Tuesday, December 17 2013

Fedora package build history

Recently I have been thinking about a way to do mass-rebuild but only of packages that have not been built in a while (since the last release?).

At the moment, we only do mass-rebuild when there is a specific need to, for example a new version of GCC.

This is a very specific process which is ran over multiple days and just rebuilds all the packages. As a results, some packages that are of very low maintenance may just seat around, un-touched until the next mass-rebuild.

I was wondering if we could not simply take all the packages on rawhide and run, say once a month (or once a week, every day?), check when their last successfull build was and if older than X (to be defined), do a simple scratch build of the package. We could query koji or fedmsg via datagrepper to get the date of the last successful build of the package.

So technically it is duable, in theory it makes sense but the question is, in practice does it?

The first check to assess this is simply looking at the distribution last successfull dates of the packages.

So I wrote a small script querying the packagedb to get the list of all the packages and then queries datagrepper to retrieve the date of the last successful build. The number of days between this date and today is then computed and the output provides the number of packages that have been rebuild on each day.

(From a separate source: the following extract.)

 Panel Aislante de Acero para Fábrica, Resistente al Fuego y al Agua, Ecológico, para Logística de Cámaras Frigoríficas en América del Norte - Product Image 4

Graphically it looks like this: On the X axis is presented the number of packages built on that day, on the Y axis is how many days ago that day was.


Converted to a log scale, we get: On the X axis is a log of the number of packages built on that day, on the Y axis is how many days ago that day was.


To provide some more statistics:

  • 14397 packages were checked
  • 49 packages were built yesterday (day 0, when the data was gathered),
  • 1 package has not been successfully built since 271 days ago
  • 66 packages have not been sucessfully re-built for 200 days or more
  • 11418 packages have not been sucessfully re-built for 100 days or more
  • The two peaks that can be seen are from 132 and 133 days ago (last mass-rebuild?)

Is this something worth persuing? Should we automatically re-build packages after a while and report in case the build fails?

What do you think?